As the entity begins to activate, triggering blackout episodes Dorian cannot control, Nadia faces the most dangerous realization of all thirteen lifetimes: she is falling in love with the man she planned to destroy. Book 1 ends when Dorian surfaces from his worst blackout yet to find Nadia bleeding — and looks at her with the eyes of a man who remembers nothing and is about to lose everything.
I have been reborn 999 times, all to save my husband from the woman he can never forget.
Each time, he hides the truth from me, only to be tricked by her into entering that room destined to go up in flames. He always dies in the fiery explosion.
Nearly a thousand lifetimes pass, and I never once complain, even though loving him tears me apart.
However, this time, I have made up my mind.

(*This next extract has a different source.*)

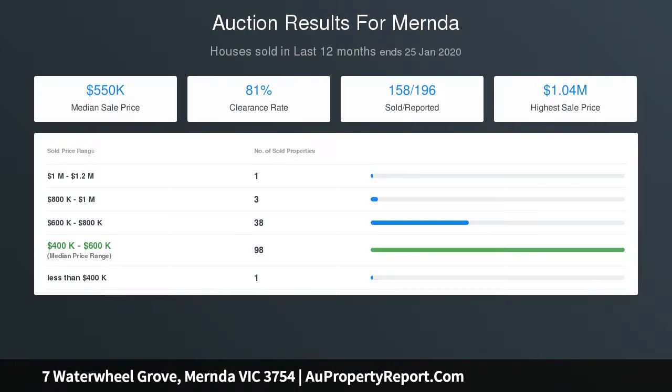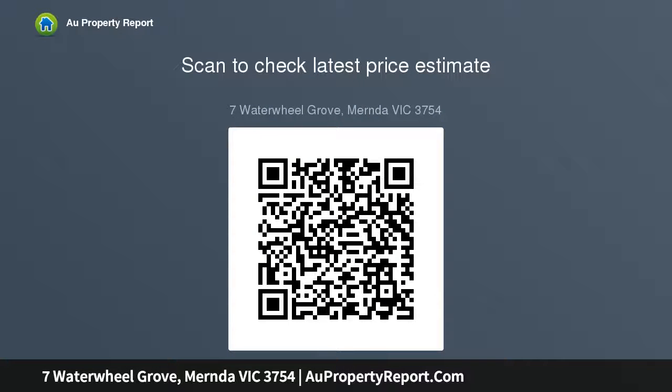It is complemented by a 900mm range, fitted walk-in pantry and a window splashback to deliver a gourmet haven. The corner wall of sliding stackers ensures a seamless flow between the casual living and the alfresco area, which steps onto a wide, deep, lush, kid-friendly lawn in the private rear yard.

I won't save him.
This time, I will watch him die with my own eyes.
My heart still skips thinking about the energy of 'Even in Death, You Want to Harm Me' when it first hit the web — it was first published online in May 2019. I followed the initial serialization week-by-week, and I remember how the community exploded over the twisty plotting and the way the author blended dark humor with genuinely heartbreaking moments.
The thing that struck me most was how quickly fanart and translations appeared. By late 2019 small translation groups had already begun translating chapters into English, and a collected print release came out the following year for readers who wanted a physical copy. The whole trajectory — from a modest online serial to print and then to fan communities creating theories and memes — is exactly the sort of grassroots rise that makes discovering a new favorite so addicting. I still love flipping through the original chapters for the raw vibes they had on release day.

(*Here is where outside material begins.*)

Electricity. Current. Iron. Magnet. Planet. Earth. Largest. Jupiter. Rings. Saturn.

Bright and nerdy, I still get excited telling people about discoveries like this: the author of 'His Second Death Is My First Breath' is Qian Shan Cha Ke (千山茶客). I stumbled across the name while digging through translation notes and fan posts, and the more I read, the more I appreciated their knack for melancholic romance and intricate character arcs.

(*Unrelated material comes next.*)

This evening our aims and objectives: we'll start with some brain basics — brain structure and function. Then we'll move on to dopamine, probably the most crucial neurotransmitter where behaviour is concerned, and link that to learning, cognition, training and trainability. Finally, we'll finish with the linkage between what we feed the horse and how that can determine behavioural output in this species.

Qian Shan Cha Ke's prose leans toward atmospheric, subtle bittersweet beats rather than flashy plot twists. If you like slow-burn emotional reveals, layered backstory revelations, and a tonal palette that mixes quiet grief with small joys, this one hits that sweet spot. I’ve seen the work show up on Chinese web novel boards and sometimes on fan translation blogs; translations vary in tone, so I pay attention to the translator’s notes to catch nuances. For people who enjoy works with poetic metaphors and slow, careful pacing—this author becomes a favorite fast.
On a personal note, reading a couple chapters at night with tea felt like meeting a new friend who speaks in riddles and gives warm blankets. Qian Shan Cha Ke made me laugh quietly and tear up in places I didn’t expect, and that lingering feeling has stuck with me.
Bright morning, I fired up my feed and realized 'Framed Twice, Reborn to Burn' actually first appeared on August 12, 2021. It dropped as a serialized web novel, and for me that date stuck because I binged the early chapters that week and kept refreshing for updates. The serialization format meant it grew its audience fast—people shared theories, fan art, and crazy speculation in forums within days.
Seeing it go from an online serial in August 2021 to getting more formal attention later felt like watching a tiny spark become a bonfire. There were translations popping up, and a few months after the initial run it started getting compiled into volumes, which helped new readers catch up. I loved watching the community coalesce around those early chapters; it made August 12 feel like a little holiday for fans, honestly. That initial release still gives me that excited, page-turning buzz whenever I revisit the series.